[WHAT IS REQUIRED]: Reproduce precisely the lines of the material below from the line containing "Snapshot of DaylesAndHarry" up to and including its last line. Pictures must not be copied.

[INFORMATION SUPPLIED]:
###
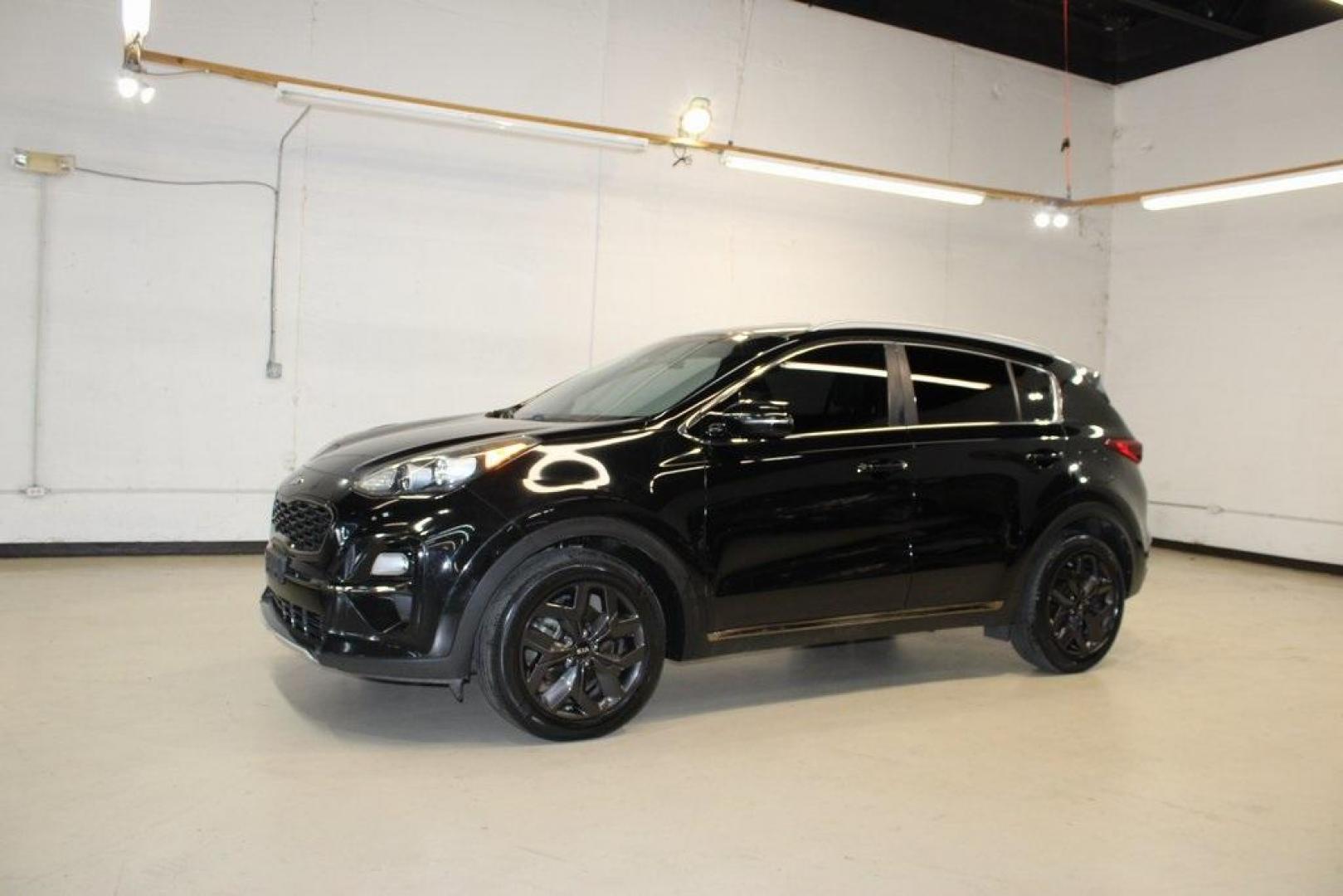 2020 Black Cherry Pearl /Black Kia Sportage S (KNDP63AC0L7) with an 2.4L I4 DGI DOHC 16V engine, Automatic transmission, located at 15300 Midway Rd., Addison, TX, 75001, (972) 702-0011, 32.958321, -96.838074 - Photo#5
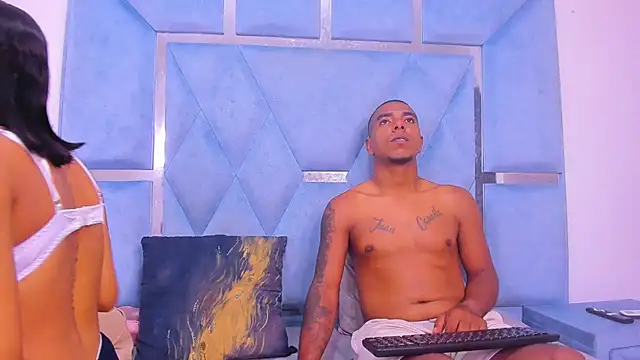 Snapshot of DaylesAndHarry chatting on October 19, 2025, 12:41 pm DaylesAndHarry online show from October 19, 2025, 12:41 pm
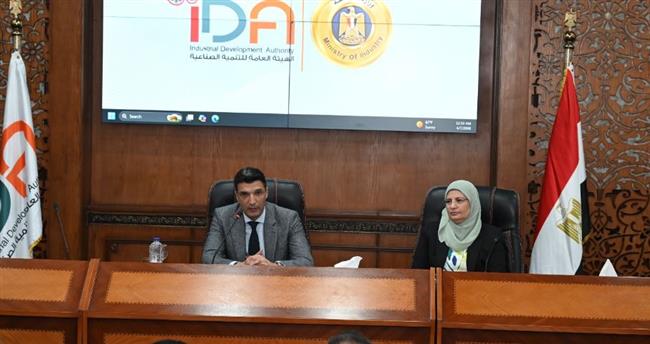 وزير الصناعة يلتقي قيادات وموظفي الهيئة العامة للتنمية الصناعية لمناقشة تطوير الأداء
###
[RESULT]:
 Snapshot of DaylesAndHarry chatting on October 19, 2025, 12:41 pm DaylesAndHarry online show from October 19, 2025, 12:41 pm
 وزير الصناعة يلتقي قيادات وموظفي الهيئة العامة للتنمية الصناعية لمناقشة تطوير الأداء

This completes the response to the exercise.